My system configuration is   :
Arch : ppc7400
kernel : 2.6.21
Memory : 512MB.
Filesystem : XFS

I am facing a strange problem !

When i do a read operation on a large file,  i am not getting the 
expected data (ie., it reads wrong data).

I  have written a simple read & write program, where it does the 
following :

1.allocate a buffer of 314MB
2.memset it to '5'
3.write this buffer to a file
4.fsync the file
5.close the file
6.open the same file
7.read the contents in chunksize of 4k into a buffer.
8.check the contents for '5'
    Here i am supposed to get only '5's, but i get some different value 
after some reads.

The interesting thing here is :  If i open the file with O_DIRECT, i 
don't see such inconsistency.

Due to this inconsistency, i am not able to untar a large file (600MB) 
properly.

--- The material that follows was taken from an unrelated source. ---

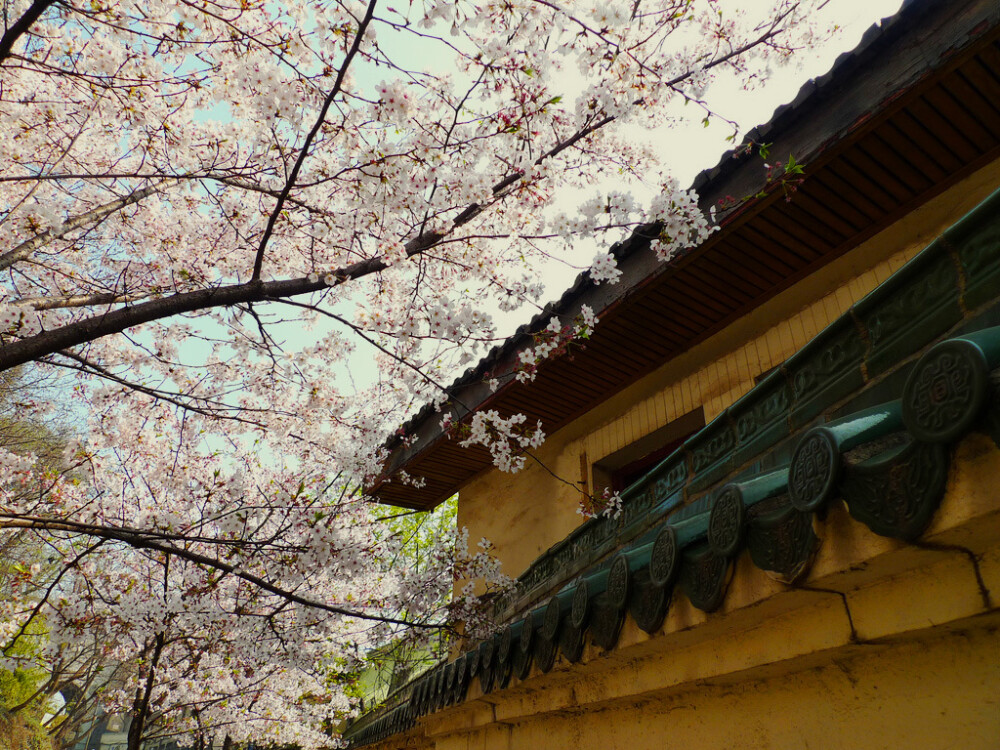 鸡鸣寺位于鸡笼山东，背临玄武湖，东对紫金山。原为梁朝同泰寺，是梁武帝萧衍舍身入寺之地。后为雷火所毁。现在的鸡鸣寺为明洪武二十年(1387 年)所建，清同治时重修。寺门之南有施食台，寺内有观音楼、豁蒙楼、景阳楼和胭脂井等。相传胭脂井为陈后主与张丽华、孔贵嫔避隋兵之所，井栏石脉有胭脂痕，故名。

In the middle of untarring i get "Invalid headers".  Copy 
operations are also not happening properly, get "Structure needs 
cleanining" in the middle of copy. Even the compare on two same files 
shows me differences.

I guess all the above inconsistency is due to the "buffered read path". 
Some thing goes wrong in the flow of buffered reads.
I have checked the buffer inside the "do_generic_mapping_read" function 
(ie., before the copy_to_user ), even here there is inconsistency.

I checked the memory with memtest, and harddisk with smartmon tools, 
found no errors here. Also same problem is reproduced on different m/c's 
with similar configuration.

Is this a bug in kernel-2.6.21-PPC?
Please help me on finding out the problem.